NCA status and role validation
Based on the ETSI specification, the certificate status validation (OCSP/CRL) is sufficient to validate both the TPP and its roles (based on the relevant QCStatement). But in practice, after the QTSP (OCSP/CRL) validation, an NCA directory validation must be undertaken. This is because the NCA and the QTSP of a certificate are two separate entities. The QTSP issues the certificate and the NCA maintains the regulatory status and the roles of a TPP. Ideally, based on ETSI TS 119 495 (Section 4.6) when an NCA revokes a TPP, the QTSP has to be notified, causing the certificate to be revoked.
But in practice, this notification cannot be guaranteed. This means that having a qualified eIDAS certificate does not mean the entity having the certificate is regulated at any given time.
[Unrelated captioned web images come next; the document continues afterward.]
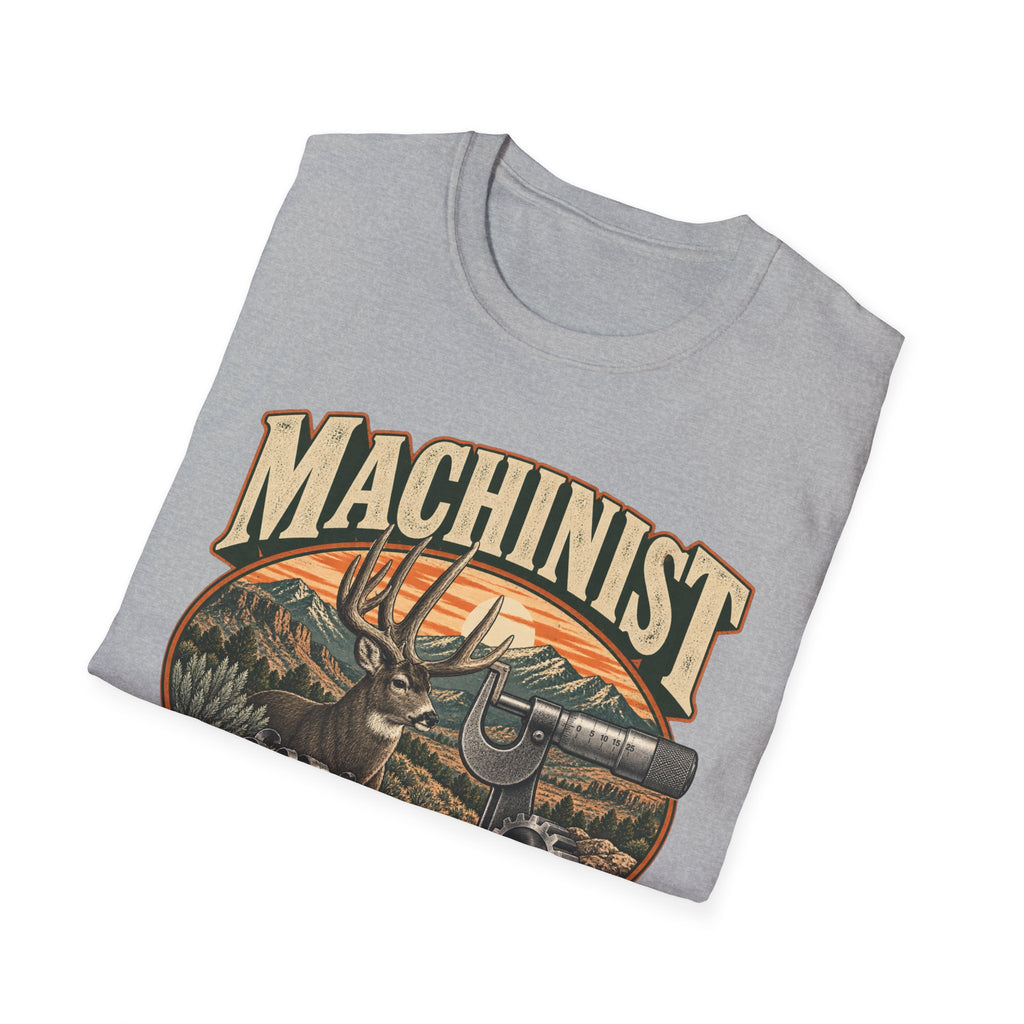 Old School Machinist T-shirt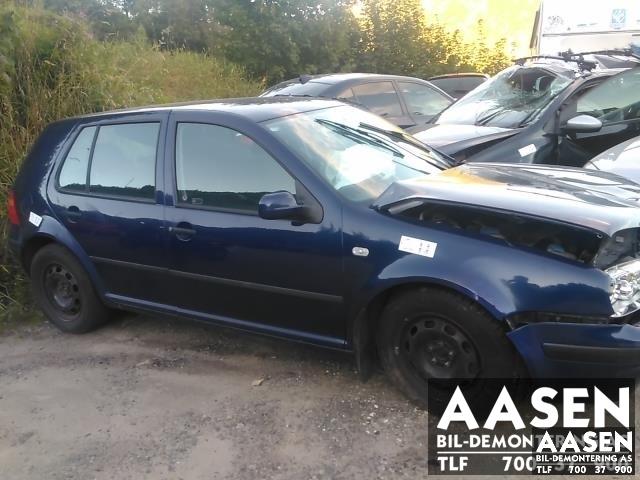 VW Golf IV 1998-2003 , Motorkode: AZH, Girkassekode: EWN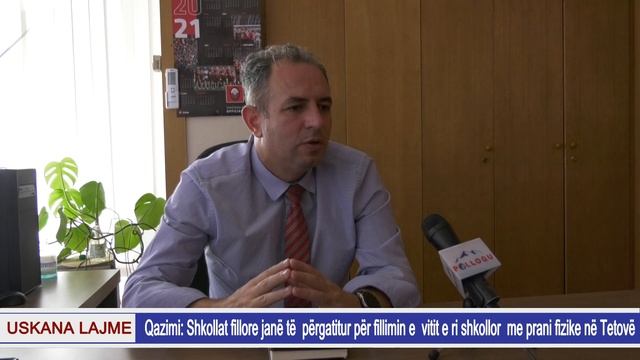 Qazimi: Shkollat fillore janë të përgatitur për fillimin e vitit e ri shkollor me prani fizike n смотреть онлайн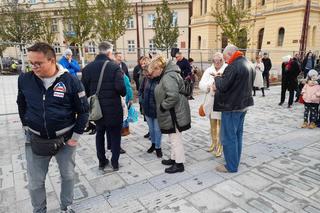 Wyjątkowy pomnik na 600-lecie Łodzi. Fundatorzy zobaczyli swoje tabliczki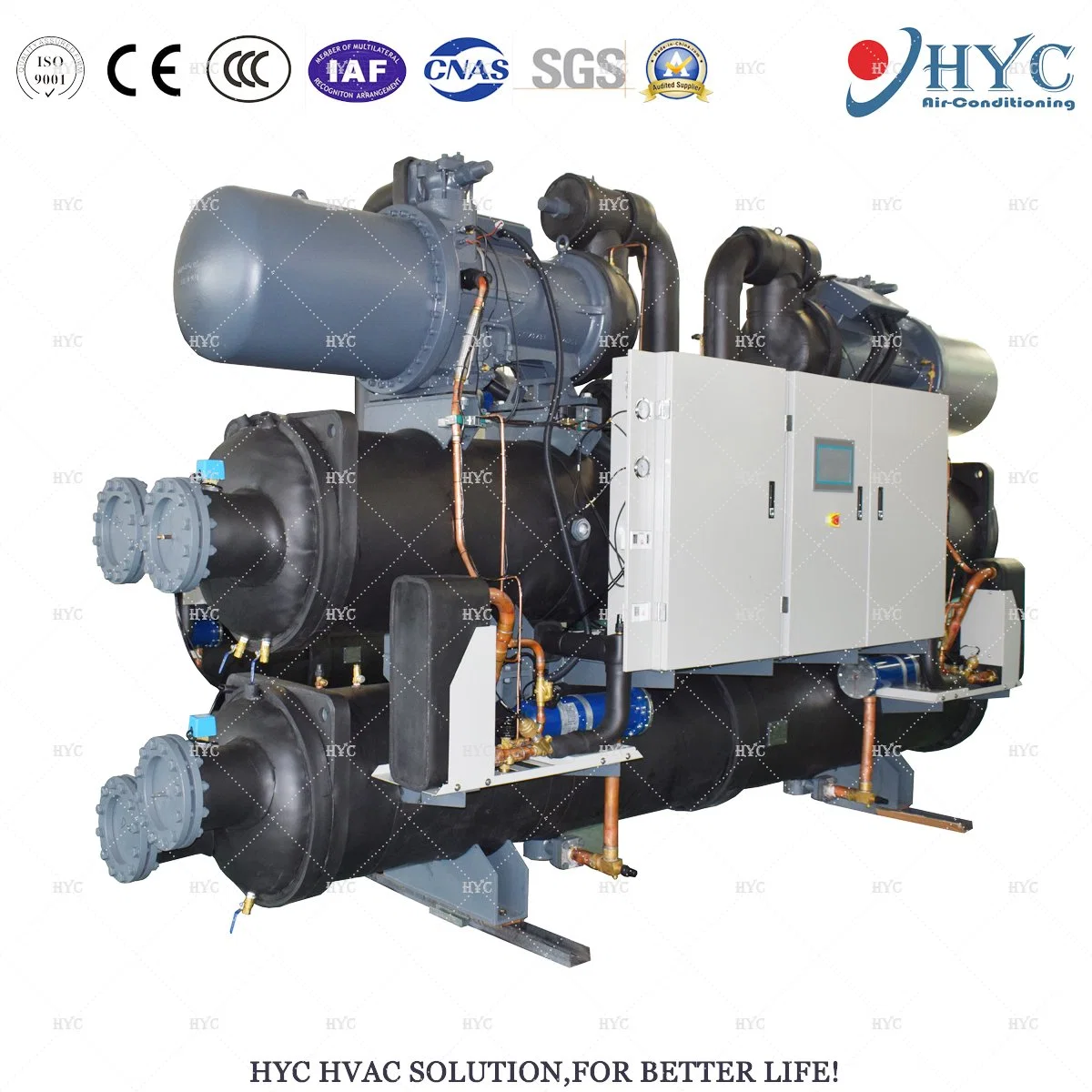 Large Capacity Industrial Refrigeration Equipment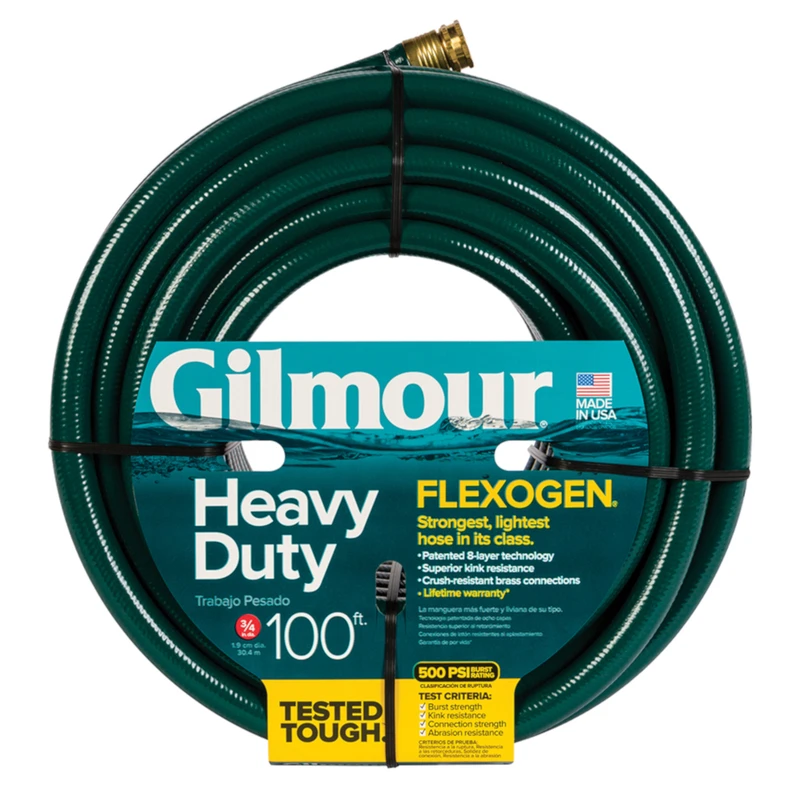 Flexogen Hose, 8-Ply, 3/4-In. x 100-Ft.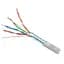 Кабель FTP 5e (бухта, 100м) Cablexpert FPC-5004E-SO/100C - миниатюра 1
Hence the NCA validation is required. Each National Competent Authority (NCA) maintains its own register of TPPs. That’s 115+ registers across 31 EEA countries. These registers are all in different formats and the content constantly changes. Regulated TPPs can be added, removed, or have their status changed at any time. Therefore, at each validation, the regulatory status and the roles must be validated by calling NCA registers. The NCAName and the NCAId for a specific TPP can be obtained from the QCStatement extension.
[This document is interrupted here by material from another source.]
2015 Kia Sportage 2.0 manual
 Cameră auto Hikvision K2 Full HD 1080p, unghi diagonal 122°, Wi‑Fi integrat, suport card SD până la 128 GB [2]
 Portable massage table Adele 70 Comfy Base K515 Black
In the UK, if the ASPSP and the TPP are OBIE-regulated, there is no issue since the OBIE JWKS will always be up to date. But OBIE-regulated ASPSPs should also support non-OBIE TPPs as well. As mentioned above, the process of validating the certificate against LOTL, OCSP/CRL, and 155+ NCAs across the entire region is a strenuous process for an entity that needs to validate a certificate (ASPSP).
Enter TPP Verification Service Providers
Based on the problems outlined above, this is where TPP verification services come into play. ASPSPs can directly make one call to a checking service to get a response with all the information related to certificate and TPP validity and the TPP roles. The TPP checking services takes on the complexities of maintaining and keeping up with all the changes happening about this.
In the future, we hope that these complexities will be addressed and a mechanism will be created to validate an entity more efficiently without the need of any third party. In order to reshape the future of eIDAS, currently the EU is conducting a public consultation on amending the eIDAS regulation to make the system more fit for purpose based on available new technology. While evaluating feedback on the existing regulation, the EU is looking at strengthening and broadening the scope of eIDAS with this consultation.
This article has covered most of the aspects of eIDAS that have to be considered by Open Banking stakeholders across the European region. To get a deeper understanding of the eIDAS regulation and its functionality, make sure to refer to the hyperlinks related to the various regulations included in this article.